Saratoga Springs-based companies Behan Planning presented the entire plan to the Clifton Park Town Board Monday night. Behan has, along with Elan Design, helped guide the park planning process. 

Clifton Park purchased the land from the Shenendehowa Central School District for $1 million in 2018 after an extensive back and forth and two referendums.

The overall plan is broken into roughly five sections: background of the park and goals; the existing conditions of the property, including the terrain; the public input garnered from the planning process; a complete analysis from the firms on those subjects; and the master plan itself in the last section.

A rough draft of the plan, released by the town in September, showed an emphasis after extensive public surveying on pedestrian accessibility, keeping the land naturally forested, and incorporating educational opportunities about the nature of the land.

The park planning process has been an extensive one, stretching over a year and incorporating various meetings and information sessions to spread public awareness about the project. 

There were also workshops and community-oriented events held to develop the park’s master plan, including multiple tours of the property during which the public was able to join the Town Center Park Planning Committee to explore the site.

“We’ve gone through a comprehensive public planning process. We’ve followed the same template that we’ve followed for many other long-term strategic planning processes that we’ve embarked upon and completed in the last 20 years,” Clifton Park Town Supervisor Phil Barrett said on Monday night. “This project has a lot of interest,” Barrett said.


The idea, a representative from Behan said on Monday night to the board, has been finding a balance between preservation of the land and making an attractive gathering spot for town.

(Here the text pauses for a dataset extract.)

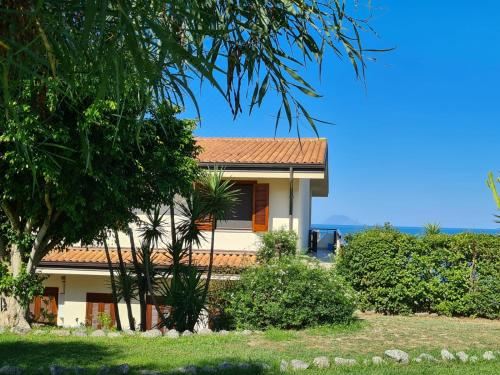 两卧室公寓 - 带露台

“Our goal, from the beginning, has always been to understand the character of the land,” Michael B. Allen, senior associate at Behan, said. “Find out what the people of Clifton Park want.”

The surveys conducted indicated that a majority of people want to see the park retain its natural characteristics. 

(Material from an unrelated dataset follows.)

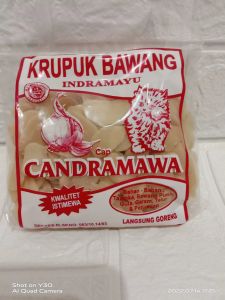 Kerupuk Bawang Sedap isi- 5pcs RASA BAWANG CETAR !!! BISA LANGSUNG DIGORENG KEMASAN 200GRAM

According to the plan, a natural park includes keeping existing trees in place and adding new and unpaved trails in various sections of the park.

Other considerations include how much parking space, if any, should be installed, and whether other amenities, such as picnic areas, should be created.

The main theme was to create a pedestrian connection, Allen said, from Moe Road to the town center.

“That was sort of the main spine of the idea, and from that, different design iterations came off of that,” he said.

The entire master plan for the park can be accessed via the town’s website.

Right now, Allen said, the plan is projected to cost approximately $3.7 million, and would be divided up into two construction phases, or more, if the town decided to stretch it out more. Upkeep, including plowing, Allen added, is estimated to cost the town approximately $73,000 annually.

“That’s a pretty good estimate, we feel,” Allen said. 

He noted that Behan is looking at various funding options to pay for the project, including state county and federal funding and donation solicitation. The town also recently received a $250,000 state grant to develop a plan for the new 37-acre park, secured by state Sen. Jim Tedisco, R-Glenville.

Allen said that the completion of the plan comes after a concern from some residents that, while there was heavy momentum in the movement to get the park into the town’s possession, there was a worry that the momentum would stop when the process reached the planning stages. That, Allen said, was not the case.

“We are very excited that we have wrapped this up in a year, and we’re very much looking forward to seeing the next phase of this move forward,” he said. “We’d like to see the town move forward as quickly as possible.”

Barrett agreed, and said the park would serve as a multi-season asset to Clifton Park.

“This plan combines opportunities for active recreation, passive recreation, planning community events of all kinds. We have a lot of good ideas for what we can do within that property,” he said. “There are some really exciting opportunities in the future.